Read Complete Protocol (Updated December 2013): InsideCBfCProtocol
After only 12 weeks of activity, participants were able to:
- Regain the energy levels of the normal adult population
- Reduce anxiety, anger and depression by 65 percent
These findings are unprecedented in the history of cancer recovery research for survivors of adult blood stem cell and bone marrow transplants. They could represent a great source of hope for survivors of all types of cancers and cancer treatment.

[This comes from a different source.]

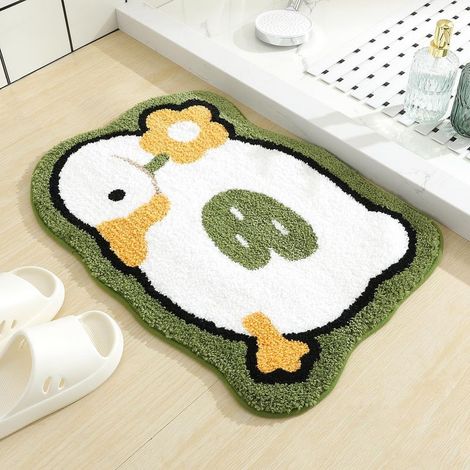 Tapis de salle de bain mignon, super doux et absorbant, lavable en machine, tapis antidérapant pour douche et bain, 40x60 cm (1/5)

Read Published Pilot Study Results: BMTexercisefinal
The Next Step
If you know of any forward-thinking individuals or individuals within organizations who would like to help improve the lives of patients, reduce the demands on the healthcare system and decrease disability insurance claims through the use of The Climb Back from Cancer Physical Activity Protocol and other methods, please send Alan an email at [email protected]
Our goal is to help as many patients, survivors and caregivers as possible climb back to better lives. With your help, we can do just that — together!
© 2013 Alan Hobson
*The Climb Back from Cancer™ Protocol is in the experimental stages and hence this document is for discussion purposes only. Until full clinical trials of the protocol are completed and the results are peer-reviewed, approved and published, use of The Climb Back from Cancer™ Protocol must not be undertaken without proper supervision by qualified medical personnel and exercise physiologists with cancer-specific training, knowledge and experience in a controlled and properly equipped environment. If you wish to assume any and all risks in trying the protocol and/or The American College of Sports Medicine (ACSM) guidelines, you must first consult a physician. If your physician approves your participation, you must then professionally engage an exercise physiologist(s) with cancer-specific training, knowledge and experience before becoming involved in any activity related to the protocol or the ACSM physical activity guidelines. Thereafter, all activity sessions must be supervised by this/these professional(s) in a proper setting. Failure to comply with any of these directives could result in loss or change of health, accident, injury, or death to the participant and/or those around them. Therefore, all risks are those of the participant(s). Neither the author(s), Climb Back Inc., The Climb Back from Cancer™ Foundation, the Tom Baker Cancer Centre, the University of Calgary, any member of the Survivor Fatigue Study team, the ACSM or any other associated individual(s), institution(s), entity(s) or body(s) whatsoever, whether named or unnamed, assumes any liability whatsoever. Any and all risks are entirely those of the participant(s).